An FFG offers a computational network representation of a probabilistic model, where edges represent variables and nodes capture probabilistic relationships between variables [4]. The figure below shows the FFG for the HGF and a message passing schedule for on-line state inference.

With ForneyLab, the automated derivation of this message passing algorithm may be completed in three phases. (1) The *build* phase specifies the model by a domain-specific syntax that (under the hood) constructs the model FFG. (2) The *schedule* phase specifies the inference problem.

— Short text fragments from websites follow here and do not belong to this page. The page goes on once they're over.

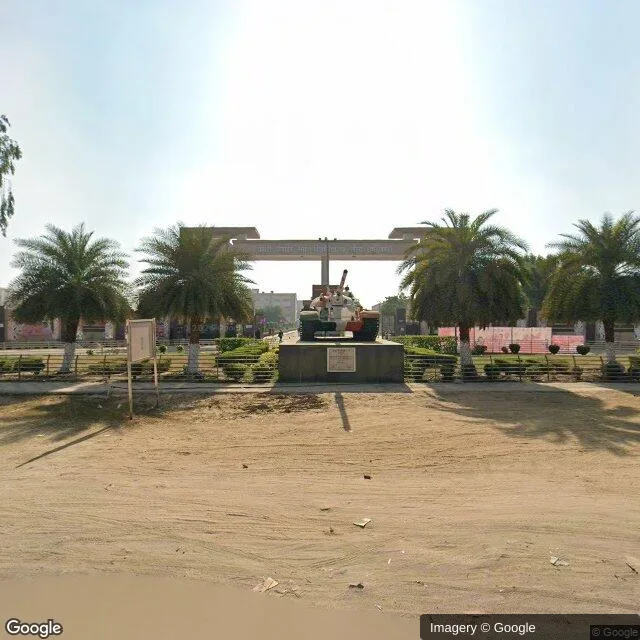 Hoarding in Jind — outdoor advertising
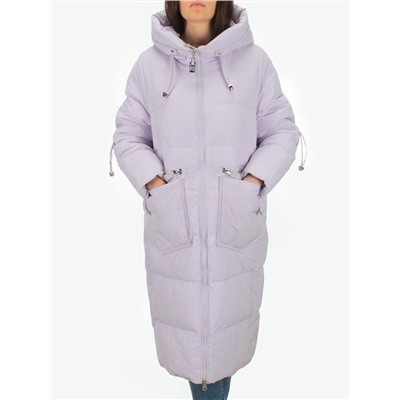 H303 LILAC Пальто зимнее женское (200 гр. холлофайбер)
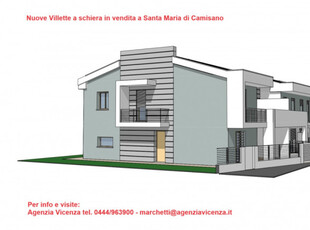 Casa a schiera a Camisano Vicentino - Rif. 8098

ForneyLab automatically constructs a message passing algorithm that computes the posterior marginal beliefs over the quantities of interest. (3) The *infer* phase parses and executes the automatically generated algorithm code and optional model performance metric. See the video below from JuliaCon for a quick introduction to ForneyLab.

## Results

ForneyLab is especially potent when applied to time-series data. In this section we place ForneyLab within the time-performance landscape by comparing with Edward and Stan, two popular probabilistic programming toolboxes that employ automated differentiation and sampling-based inference. As an example application, we fit a random walk model to artificial observations and compare predictive performance on a hold-out set (see also this conference paper at ProbProg). The results are shown in the figure below, where it can be seen ForneyLab attains comparable performance in significantly less computation time. A more detailed evaluation of ForneyLab is forthcoming [5].

### References

[1] Blei, David M. “Build, compute, critique, repeat: Data analysis with latent variable models.” *Annual Review of Statistics and Its Application 1* (2014): 203-232.

[2] Forney, G. David. “Codes on graphs: Normal realizations.” *IEEE Transactions on Information Theory 47.2* (2001): 520-548.

[3] Mathys, Christoph D., et al. “Uncertainty in perception and the Hierarchical Gaussian Filter.” *Frontiers in human neuroscience 8* (2014): 825.

[4] Loeliger, H-A. “An introduction to factor graphs.” *IEEE Signal Processing Magazine 21.1* (2004): 28-41.

[5] Cox, M., van de Laar, T., de Vries, B. “A Factor Graph Approach to Automated Design of Bayesian Signal Processing Algorithms”, International Journal of Approximate Reasoning (2018), 10.1016/j.ijar.2018.11.002.